What the task requires: Your reply must contain the lines from the one with "襯衫可以搭配羽絨服嗎？襯衫要這樣搭配" through the last line of the material, exact and complete, with no pictures and no other text.

• • • •

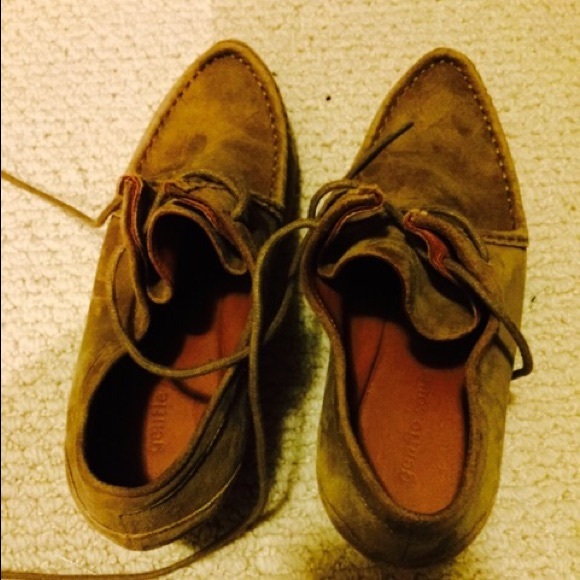Pair of gentle souls suede wedge shoe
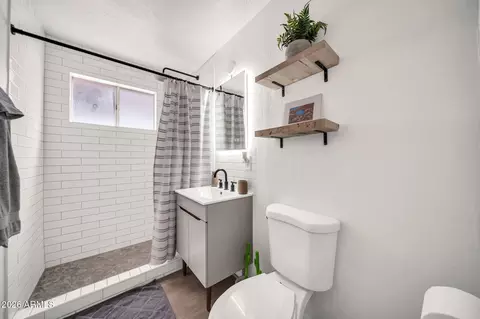 Bath - 1111 E Turney Ave #3, Phoenix, AZ 85014 photo 2 of 2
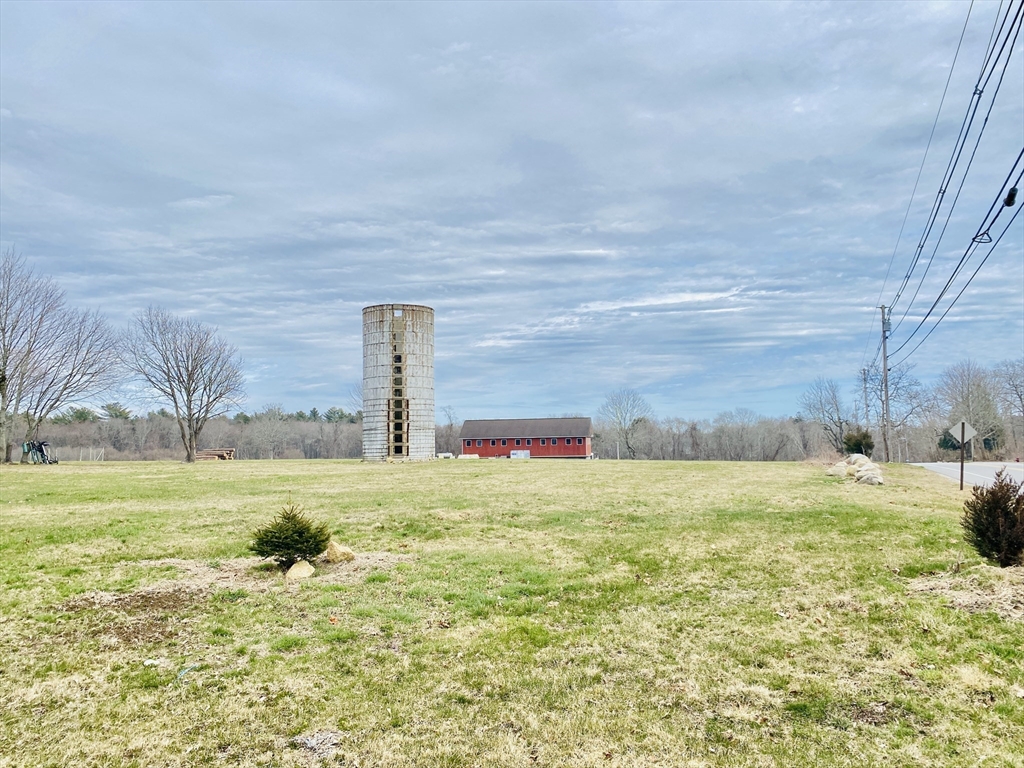 335 Old Fall River Road Dartmouth, MA 02747 - Photo 28 of 32 a view of a yard with an trees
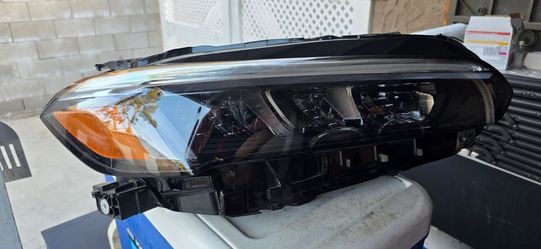 2023 civic headlight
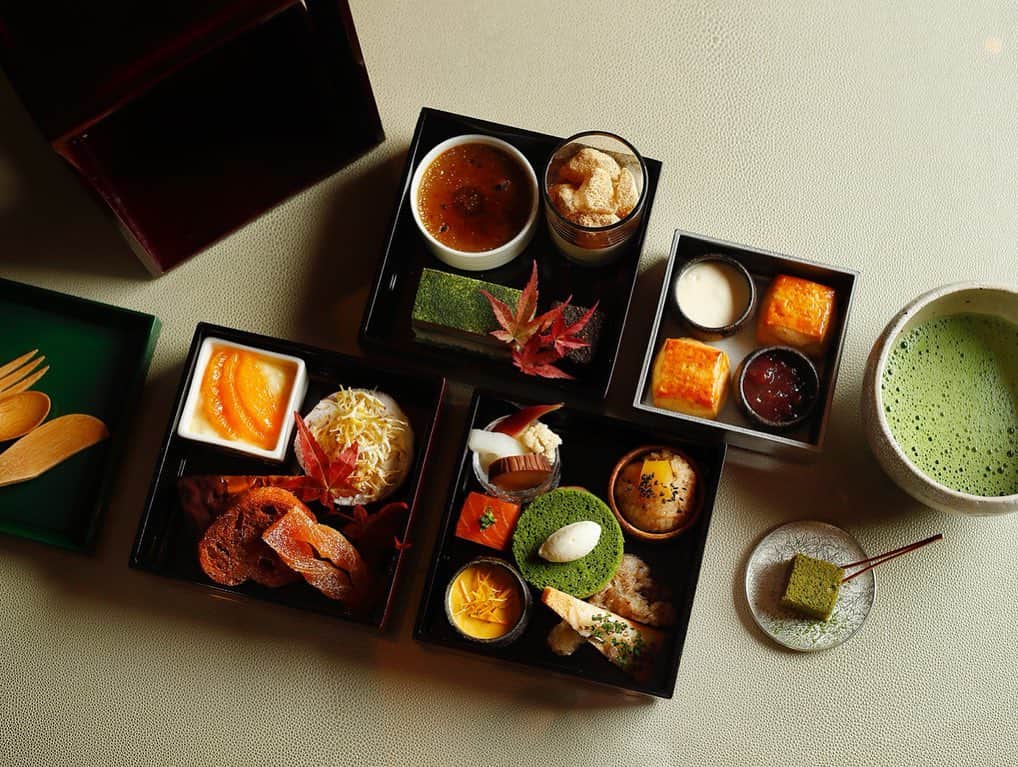 Palace Hotel Tokyo / パレスホテル東京さんのインスタグラム写真 - (Palace Hotel Tokyo / パレスホテル東京Instagram)「“日本茶を楽しむ秋”をテーマにしたアフタヌーンティーは、新茶を茶壷で丁寧に寝かせた「蔵出し濃茶」からスタート。「日本茶喫茶・茶葉の店 寿月堂」がパレスホテル東京のためだけに熟成させた、ここでしか味わえない特別なお茶です。Autumn afternoon tea presentation in collaboration with @jugetsudo_tokyo starts off with brewed matcha tea, exclusively preserved in a traditional tea vase just for Palace Hotel Tokyo!  #アフタヌーンティー #日本茶 #濃茶 #蔵出し茶 #抹茶 #秋スイーツ #日本茶スイーツ #有機茶葉 #寿月堂 #ザパレスラウンジ #パレスホテル東京 #afternoontea #Japanesetea #matcha #greentea #autumnsweets #matchasweets #organictea #Jugetsudo #ThePalaceLounge #PalaceHotelTokyo」9月11日 19時28分 - palacehoteltokyo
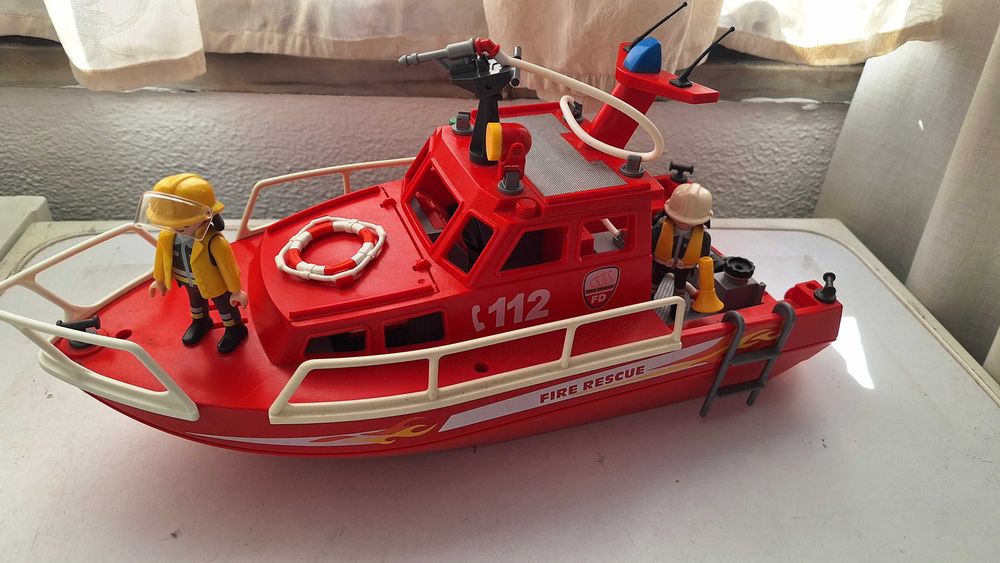 carros, barco da Playmobil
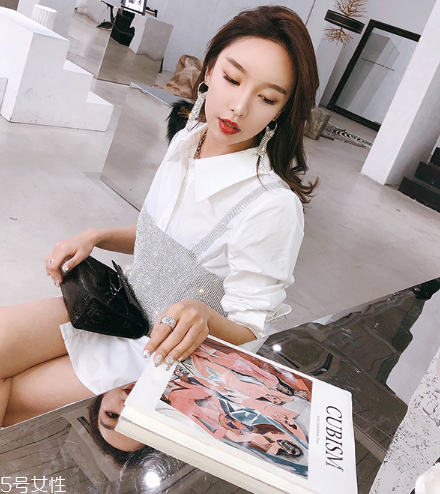 襯衫可以搭配羽絨服嗎？襯衫要這樣搭配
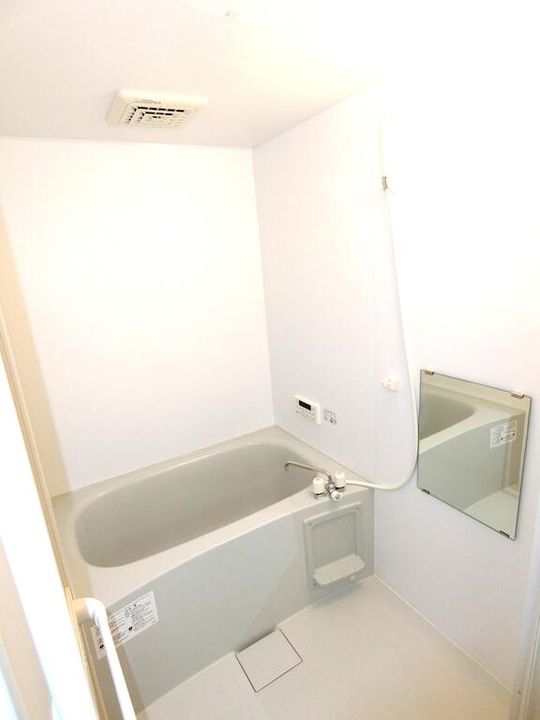 ユーミーブルースカイIIの風呂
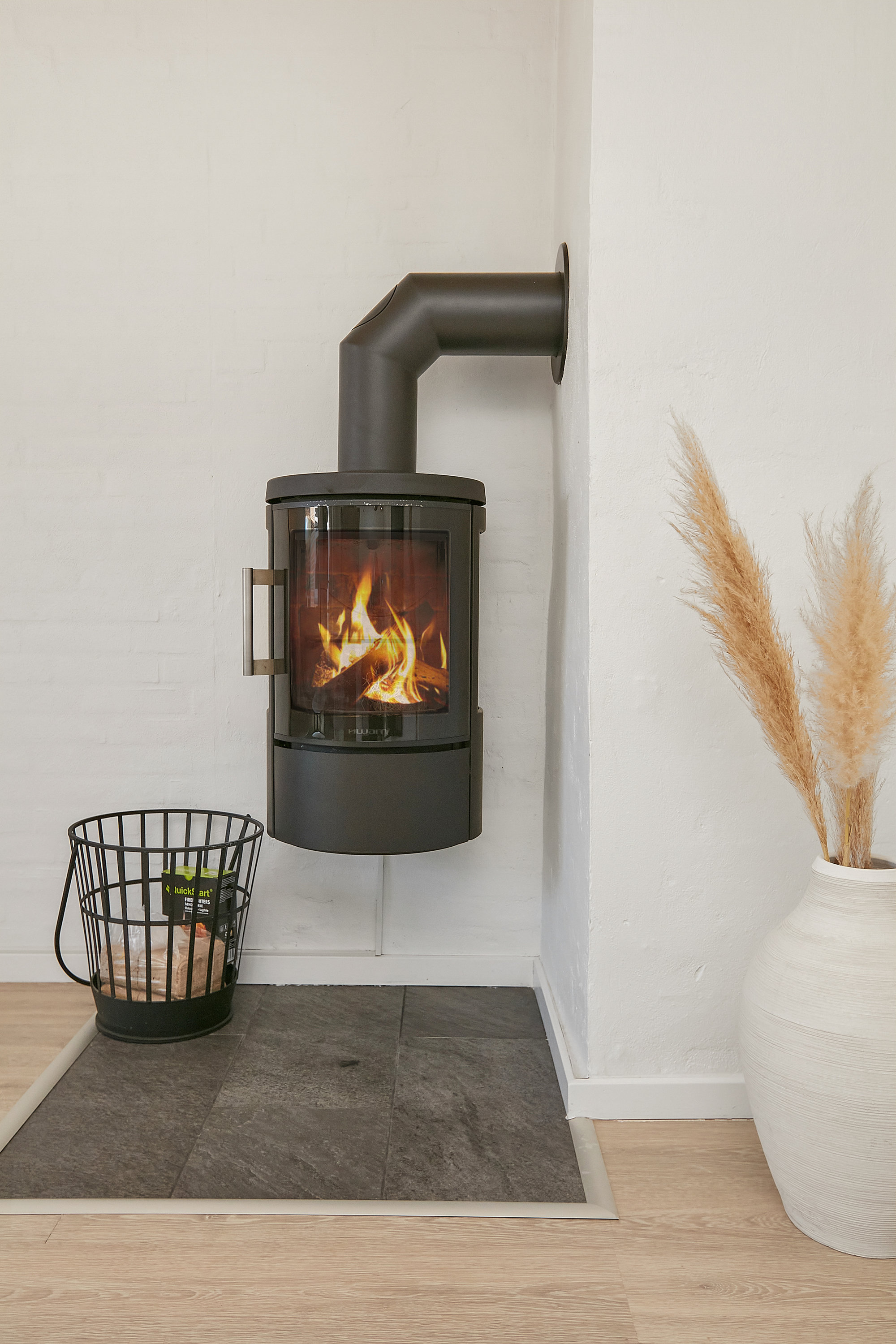 Fremhævet brændeovn billede i fuldskærmstilstand. Billede af Tornbjerg 102, 8732 Hovedgård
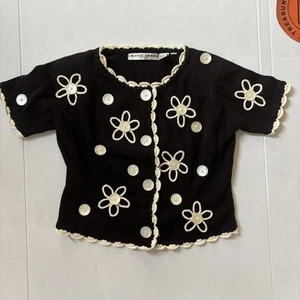 Michael Simon Gr. Small schwarze Kurzarm Strickjacke Perlen Knopf Blume gehäkelt - Bild 1 von 10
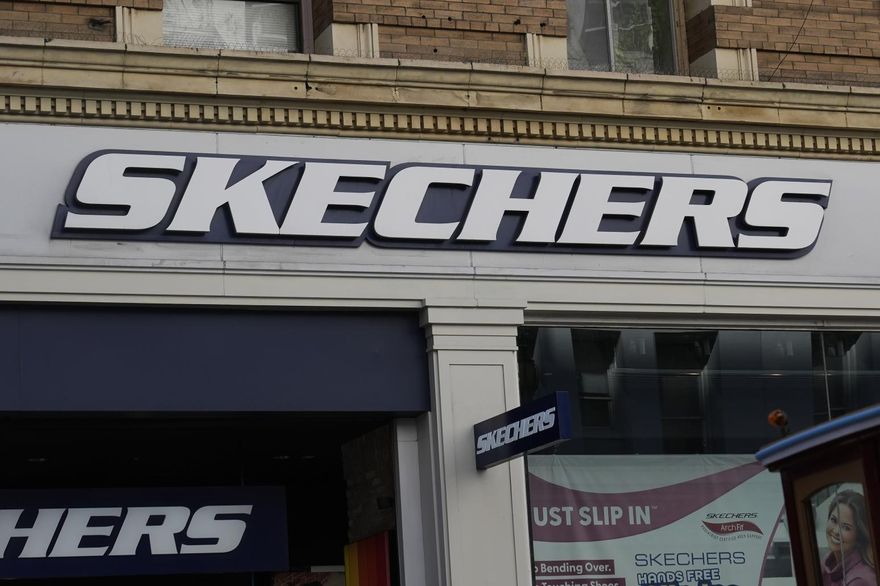 震撼彈！全球鞋業巨頭Skechers出售　交易金額破2800億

• • • •

Answer for this exercise:
 襯衫可以搭配羽絨服嗎？襯衫要這樣搭配
 ユーミーブルースカイIIの風呂
 Fremhævet brændeovn billede i fuldskærmstilstand. Billede af Tornbjerg 102, 8732 Hovedgård
 Michael Simon Gr. Small schwarze Kurzarm Strickjacke Perlen Knopf Blume gehäkelt - Bild 1 von 10
 震撼彈！全球鞋業巨頭Skechers出售　交易金額破2800億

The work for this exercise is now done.